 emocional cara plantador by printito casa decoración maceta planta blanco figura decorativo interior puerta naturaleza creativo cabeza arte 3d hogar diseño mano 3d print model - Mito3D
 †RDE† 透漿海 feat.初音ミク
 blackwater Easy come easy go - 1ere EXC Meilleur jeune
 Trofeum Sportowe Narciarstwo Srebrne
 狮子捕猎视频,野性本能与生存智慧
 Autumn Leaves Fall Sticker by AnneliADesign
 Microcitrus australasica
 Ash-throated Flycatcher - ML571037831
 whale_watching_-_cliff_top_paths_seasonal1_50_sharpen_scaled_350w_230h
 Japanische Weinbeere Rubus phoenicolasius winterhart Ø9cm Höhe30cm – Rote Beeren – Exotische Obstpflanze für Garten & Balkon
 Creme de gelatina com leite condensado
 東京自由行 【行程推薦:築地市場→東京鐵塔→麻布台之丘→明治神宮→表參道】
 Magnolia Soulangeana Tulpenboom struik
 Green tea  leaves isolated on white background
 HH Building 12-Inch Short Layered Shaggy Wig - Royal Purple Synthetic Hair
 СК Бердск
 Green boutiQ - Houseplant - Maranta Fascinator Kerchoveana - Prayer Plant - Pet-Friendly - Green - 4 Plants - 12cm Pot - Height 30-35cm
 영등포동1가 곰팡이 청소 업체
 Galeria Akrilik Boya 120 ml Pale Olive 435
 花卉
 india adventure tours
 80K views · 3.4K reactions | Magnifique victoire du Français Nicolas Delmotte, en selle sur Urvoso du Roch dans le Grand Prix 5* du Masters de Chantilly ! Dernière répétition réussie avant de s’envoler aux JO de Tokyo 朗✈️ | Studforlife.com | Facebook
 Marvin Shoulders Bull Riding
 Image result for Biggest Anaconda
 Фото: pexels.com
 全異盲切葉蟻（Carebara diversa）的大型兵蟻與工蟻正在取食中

++++++++++

→ **WHAT TO WORK ON**
All entries must be duplicated exactly, with none left out.

→ **YOUR RESPONSE**
 emocional cara plantador by printito casa decoración maceta planta blanco figura decorativo interior puerta naturaleza creativo cabeza arte 3d hogar diseño mano 3d print model - Mito3D
 †RDE† 透漿海 feat.初音ミク
 blackwater Easy come easy go - 1ere EXC Meilleur jeune
 Trofeum Sportowe Narciarstwo Srebrne
 狮子捕猎视频,野性本能与生存智慧
 Autumn Leaves Fall Sticker by AnneliADesign
 Microcitrus australasica
 Ash-throated Flycatcher - ML571037831
 whale_watching_-_cliff_top_paths_seasonal1_50_sharpen_scaled_350w_230h
 Japanische Weinbeere Rubus phoenicolasius winterhart Ø9cm Höhe30cm – Rote Beeren – Exotische Obstpflanze für Garten & Balkon
 Creme de gelatina com leite condensado
 東京自由行 【行程推薦:築地市場→東京鐵塔→麻布台之丘→明治神宮→表參道】
 Magnolia Soulangeana Tulpenboom struik
 Green tea  leaves isolated on white background
 HH Building 12-Inch Short Layered Shaggy Wig - Royal Purple Synthetic Hair
 СК Бердск
 Green boutiQ - Houseplant - Maranta Fascinator Kerchoveana - Prayer Plant - Pet-Friendly - Green - 4 Plants - 12cm Pot - Height 30-35cm
 영등포동1가 곰팡이 청소 업체
 Galeria Akrilik Boya 120 ml Pale Olive 435
 花卉
 india adventure tours
 80K views · 3.4K reactions | Magnifique victoire du Français Nicolas Delmotte, en selle sur Urvoso du Roch dans le Grand Prix 5* du Masters de Chantilly ! Dernière répétition réussie avant de s’envoler aux JO de Tokyo 朗✈️ | Studforlife.com | Facebook
 Marvin Shoulders Bull Riding
 Image result for Biggest Anaconda
 Фото: pexels.com
 全異盲切葉蟻（Carebara diversa）的大型兵蟻與工蟻正在取食中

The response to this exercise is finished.